Researchers from the University of Bristol have created the world's first magnetic soap. The revolutionary soap could find applications in cleaning oil spills and waste water.

The magnetic soap is similar to ordinary soap in that it breaks up the oily particles it touches but the atoms of tiny irons are controlled by a magnet to make the particles easier to clean up.

"If you'd have said about 10 years ago to a chemist: 'Let's have some soap that responds to magnets', they'd have looked at you with a very blank face," co-author of the study Julian Eastoe told BBC News. "We were interested to see, if you went back to the chemical drawing board with the tool kit of modern synthetic chemistry, if you could ... design one."

Soap has two different end molecules: one end molecule is attracted to water and the other is repelled by it.
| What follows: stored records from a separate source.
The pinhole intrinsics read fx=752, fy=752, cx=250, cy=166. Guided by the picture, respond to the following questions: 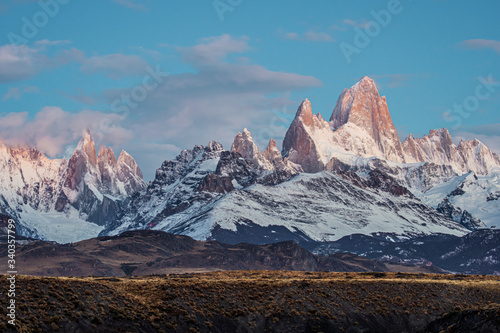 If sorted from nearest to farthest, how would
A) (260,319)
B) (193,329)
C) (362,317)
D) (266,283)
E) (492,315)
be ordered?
(492,315) → (193,329) → (260,319) → (362,317) → (266,283)

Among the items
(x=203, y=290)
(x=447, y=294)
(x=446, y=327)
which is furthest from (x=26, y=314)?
(x=447, y=294)

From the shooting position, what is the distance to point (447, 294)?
12794 centimetres

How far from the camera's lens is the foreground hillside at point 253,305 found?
83938 millimetres

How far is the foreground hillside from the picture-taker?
83.9 meters

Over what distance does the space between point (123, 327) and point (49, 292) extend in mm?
9955

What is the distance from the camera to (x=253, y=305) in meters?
108

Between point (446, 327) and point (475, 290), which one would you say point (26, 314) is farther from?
point (475, 290)

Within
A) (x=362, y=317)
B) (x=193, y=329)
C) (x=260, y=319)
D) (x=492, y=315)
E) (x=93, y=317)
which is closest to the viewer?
(x=492, y=315)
The researchers made the water-loving molecules magnetic. The team added iron in the soap particles that are big enough to be magnetically attractive.
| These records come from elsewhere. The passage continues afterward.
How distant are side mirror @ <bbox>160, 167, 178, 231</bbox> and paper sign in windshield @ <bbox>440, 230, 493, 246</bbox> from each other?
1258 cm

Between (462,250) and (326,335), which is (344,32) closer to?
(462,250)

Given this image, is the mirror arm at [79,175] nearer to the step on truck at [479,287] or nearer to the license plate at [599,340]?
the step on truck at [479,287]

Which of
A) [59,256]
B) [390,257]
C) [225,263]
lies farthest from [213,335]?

"A single atom alone is not magnetic," Eastoe said. "It is only when put next to neighbors, brothers, that there is a communication between the brothers in a network and that connective communication gives rise to a macroscopic magnetic effect."
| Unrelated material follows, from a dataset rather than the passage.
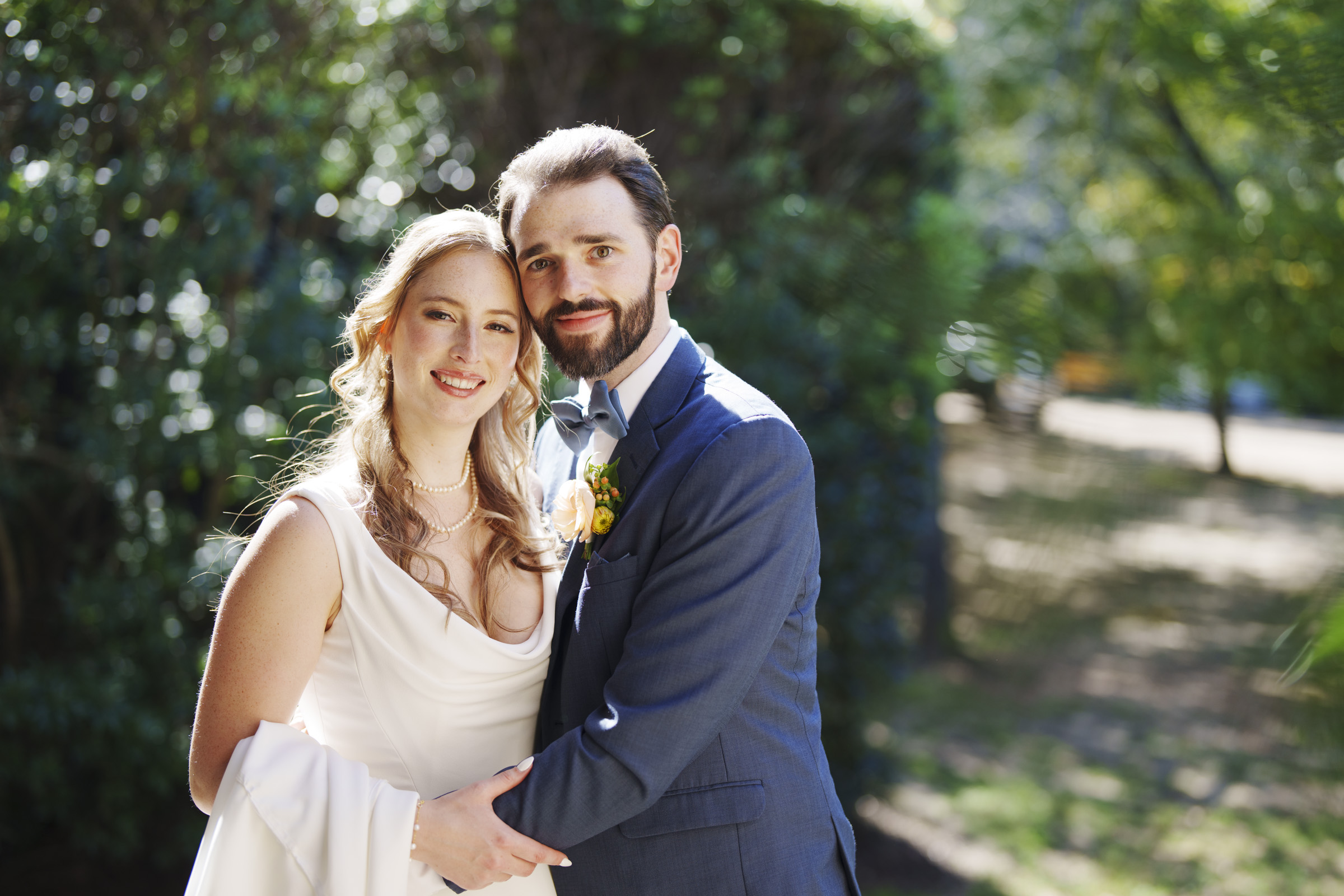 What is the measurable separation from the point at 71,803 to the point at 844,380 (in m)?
3.63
The magnetic property of the soap makes it easier for cleanup crews to remove the material from a system like an oil spill. It's possible with this new soap for environmental cleanup crews to dump it in an oil spill and then remove it without leaving dangerous pollutants behind. Eastoe noted that the team is still researching ways to make the soap commercially viable.

"From a commercial point of view, though these exact liquids aren't yet ready to appear in any household product, by proving that magnetic soaps can be developed, future work can reproduce the same phenomenon in more commercially viable liquids for a range of applications from water treatment to industrial cleaning products."